■ Try it
The whole of the data must be transcribed exactly.
[Data section]
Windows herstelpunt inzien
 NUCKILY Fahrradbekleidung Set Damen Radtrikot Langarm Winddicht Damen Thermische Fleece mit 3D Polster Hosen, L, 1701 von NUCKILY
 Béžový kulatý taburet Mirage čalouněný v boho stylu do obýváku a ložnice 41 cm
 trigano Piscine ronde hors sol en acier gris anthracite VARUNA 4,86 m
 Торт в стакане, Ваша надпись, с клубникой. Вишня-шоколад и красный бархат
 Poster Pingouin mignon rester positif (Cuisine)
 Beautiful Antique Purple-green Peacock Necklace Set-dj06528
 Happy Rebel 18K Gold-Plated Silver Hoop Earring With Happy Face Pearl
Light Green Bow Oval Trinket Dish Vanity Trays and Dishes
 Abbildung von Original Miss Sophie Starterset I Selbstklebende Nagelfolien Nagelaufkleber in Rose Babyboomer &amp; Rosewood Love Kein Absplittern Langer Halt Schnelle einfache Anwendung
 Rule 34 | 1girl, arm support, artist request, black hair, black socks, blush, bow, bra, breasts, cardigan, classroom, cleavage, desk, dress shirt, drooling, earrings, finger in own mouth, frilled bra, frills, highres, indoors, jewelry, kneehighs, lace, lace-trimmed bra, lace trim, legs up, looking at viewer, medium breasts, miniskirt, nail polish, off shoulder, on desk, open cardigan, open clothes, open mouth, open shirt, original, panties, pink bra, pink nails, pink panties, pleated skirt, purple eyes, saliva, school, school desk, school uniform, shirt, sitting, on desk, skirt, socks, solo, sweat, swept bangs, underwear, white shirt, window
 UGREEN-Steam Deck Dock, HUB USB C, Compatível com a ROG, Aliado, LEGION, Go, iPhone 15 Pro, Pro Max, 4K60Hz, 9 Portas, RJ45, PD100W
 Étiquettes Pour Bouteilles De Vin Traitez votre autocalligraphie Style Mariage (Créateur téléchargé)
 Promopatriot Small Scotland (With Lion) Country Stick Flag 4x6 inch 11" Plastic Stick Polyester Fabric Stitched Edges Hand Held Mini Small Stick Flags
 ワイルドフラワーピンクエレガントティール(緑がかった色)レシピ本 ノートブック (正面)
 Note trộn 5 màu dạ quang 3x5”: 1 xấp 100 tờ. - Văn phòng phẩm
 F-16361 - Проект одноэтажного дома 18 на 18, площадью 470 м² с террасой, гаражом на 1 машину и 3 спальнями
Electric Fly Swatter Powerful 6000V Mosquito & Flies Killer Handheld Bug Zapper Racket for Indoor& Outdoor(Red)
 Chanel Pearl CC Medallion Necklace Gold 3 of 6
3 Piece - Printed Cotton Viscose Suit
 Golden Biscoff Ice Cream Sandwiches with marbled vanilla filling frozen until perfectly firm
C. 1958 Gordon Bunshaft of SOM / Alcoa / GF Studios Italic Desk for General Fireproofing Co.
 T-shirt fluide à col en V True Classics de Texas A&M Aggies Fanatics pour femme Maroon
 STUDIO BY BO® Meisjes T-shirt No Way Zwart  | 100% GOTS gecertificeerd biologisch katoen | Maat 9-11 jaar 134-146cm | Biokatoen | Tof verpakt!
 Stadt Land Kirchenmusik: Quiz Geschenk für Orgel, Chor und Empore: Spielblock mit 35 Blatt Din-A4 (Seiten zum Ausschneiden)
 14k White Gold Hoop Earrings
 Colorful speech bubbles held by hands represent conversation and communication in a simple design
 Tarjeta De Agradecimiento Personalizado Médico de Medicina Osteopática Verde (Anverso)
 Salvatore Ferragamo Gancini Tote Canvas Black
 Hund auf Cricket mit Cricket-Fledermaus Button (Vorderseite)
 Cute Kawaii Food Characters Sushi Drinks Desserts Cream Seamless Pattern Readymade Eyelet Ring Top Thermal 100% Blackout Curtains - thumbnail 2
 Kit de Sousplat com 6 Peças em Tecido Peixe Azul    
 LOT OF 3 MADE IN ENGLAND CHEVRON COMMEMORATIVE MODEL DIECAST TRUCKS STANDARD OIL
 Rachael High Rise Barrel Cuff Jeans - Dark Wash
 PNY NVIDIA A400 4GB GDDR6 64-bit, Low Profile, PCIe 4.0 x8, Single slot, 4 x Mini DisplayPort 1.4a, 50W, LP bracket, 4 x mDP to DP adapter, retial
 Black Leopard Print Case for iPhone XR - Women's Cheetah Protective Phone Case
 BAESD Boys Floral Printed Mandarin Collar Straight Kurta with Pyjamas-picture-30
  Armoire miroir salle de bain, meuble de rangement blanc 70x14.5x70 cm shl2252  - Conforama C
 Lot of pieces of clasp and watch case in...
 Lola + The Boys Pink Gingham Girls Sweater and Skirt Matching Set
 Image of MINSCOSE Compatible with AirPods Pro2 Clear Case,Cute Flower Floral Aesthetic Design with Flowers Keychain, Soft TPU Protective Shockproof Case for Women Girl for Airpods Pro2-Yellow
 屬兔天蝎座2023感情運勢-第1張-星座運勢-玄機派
[/Data section]
■ Task response
Windows herstelpunt inzien
 NUCKILY Fahrradbekleidung Set Damen Radtrikot Langarm Winddicht Damen Thermische Fleece mit 3D Polster Hosen, L, 1701 von NUCKILY
 Béžový kulatý taburet Mirage čalouněný v boho stylu do obýváku a ložnice 41 cm
 trigano Piscine ronde hors sol en acier gris anthracite VARUNA 4,86 m
 Торт в стакане, Ваша надпись, с клубникой. Вишня-шоколад и красный бархат
 Poster Pingouin mignon rester positif (Cuisine)
 Beautiful Antique Purple-green Peacock Necklace Set-dj06528
 Happy Rebel 18K Gold-Plated Silver Hoop Earring With Happy Face Pearl
Light Green Bow Oval Trinket Dish Vanity Trays and Dishes
 Abbildung von Original Miss Sophie Starterset I Selbstklebende Nagelfolien Nagelaufkleber in Rose Babyboomer &amp; Rosewood Love Kein Absplittern Langer Halt Schnelle einfache Anwendung
 Rule 34 | 1girl, arm support, artist request, black hair, black socks, blush, bow, bra, breasts, cardigan, classroom, cleavage, desk, dress shirt, drooling, earrings, finger in own mouth, frilled bra, frills, highres, indoors, jewelry, kneehighs, lace, lace-trimmed bra, lace trim, legs up, looking at viewer, medium breasts, miniskirt, nail polish, off shoulder, on desk, open cardigan, open clothes, open mouth, open shirt, original, panties, pink bra, pink nails, pink panties, pleated skirt, purple eyes, saliva, school, school desk, school uniform, shirt, sitting, on desk, skirt, socks, solo, sweat, swept bangs, underwear, white shirt, window
 UGREEN-Steam Deck Dock, HUB USB C, Compatível com a ROG, Aliado, LEGION, Go, iPhone 15 Pro, Pro Max, 4K60Hz, 9 Portas, RJ45, PD100W
 Étiquettes Pour Bouteilles De Vin Traitez votre autocalligraphie Style Mariage (Créateur téléchargé)
 Promopatriot Small Scotland (With Lion) Country Stick Flag 4x6 inch 11" Plastic Stick Polyester Fabric Stitched Edges Hand Held Mini Small Stick Flags
 ワイルドフラワーピンクエレガントティール(緑がかった色)レシピ本 ノートブック (正面)
 Note trộn 5 màu dạ quang 3x5”: 1 xấp 100 tờ. - Văn phòng phẩm
 F-16361 - Проект одноэтажного дома 18 на 18, площадью 470 м² с террасой, гаражом на 1 машину и 3 спальнями
Electric Fly Swatter Powerful 6000V Mosquito & Flies Killer Handheld Bug Zapper Racket for Indoor& Outdoor(Red)
 Chanel Pearl CC Medallion Necklace Gold 3 of 6
3 Piece - Printed Cotton Viscose Suit
 Golden Biscoff Ice Cream Sandwiches with marbled vanilla filling frozen until perfectly firm
C. 1958 Gordon Bunshaft of SOM / Alcoa / GF Studios Italic Desk for General Fireproofing Co.
 T-shirt fluide à col en V True Classics de Texas A&M Aggies Fanatics pour femme Maroon
 STUDIO BY BO® Meisjes T-shirt No Way Zwart  | 100% GOTS gecertificeerd biologisch katoen | Maat 9-11 jaar 134-146cm | Biokatoen | Tof verpakt!
 Stadt Land Kirchenmusik: Quiz Geschenk für Orgel, Chor und Empore: Spielblock mit 35 Blatt Din-A4 (Seiten zum Ausschneiden)
 14k White Gold Hoop Earrings
 Colorful speech bubbles held by hands represent conversation and communication in a simple design
 Tarjeta De Agradecimiento Personalizado Médico de Medicina Osteopática Verde (Anverso)
 Salvatore Ferragamo Gancini Tote Canvas Black
 Hund auf Cricket mit Cricket-Fledermaus Button (Vorderseite)
 Cute Kawaii Food Characters Sushi Drinks Desserts Cream Seamless Pattern Readymade Eyelet Ring Top Thermal 100% Blackout Curtains - thumbnail 2
 Kit de Sousplat com 6 Peças em Tecido Peixe Azul    
 LOT OF 3 MADE IN ENGLAND CHEVRON COMMEMORATIVE MODEL DIECAST TRUCKS STANDARD OIL
 Rachael High Rise Barrel Cuff Jeans - Dark Wash
 PNY NVIDIA A400 4GB GDDR6 64-bit, Low Profile, PCIe 4.0 x8, Single slot, 4 x Mini DisplayPort 1.4a, 50W, LP bracket, 4 x mDP to DP adapter, retial
 Black Leopard Print Case for iPhone XR - Women's Cheetah Protective Phone Case
 BAESD Boys Floral Printed Mandarin Collar Straight Kurta with Pyjamas-picture-30
  Armoire miroir salle de bain, meuble de rangement blanc 70x14.5x70 cm shl2252  - Conforama C
 Lot of pieces of clasp and watch case in...
 Lola + The Boys Pink Gingham Girls Sweater and Skirt Matching Set
 Image of MINSCOSE Compatible with AirPods Pro2 Clear Case,Cute Flower Floral Aesthetic Design with Flowers Keychain, Soft TPU Protective Shockproof Case for Women Girl for Airpods Pro2-Yellow
 屬兔天蝎座2023感情運勢-第1張-星座運勢-玄機派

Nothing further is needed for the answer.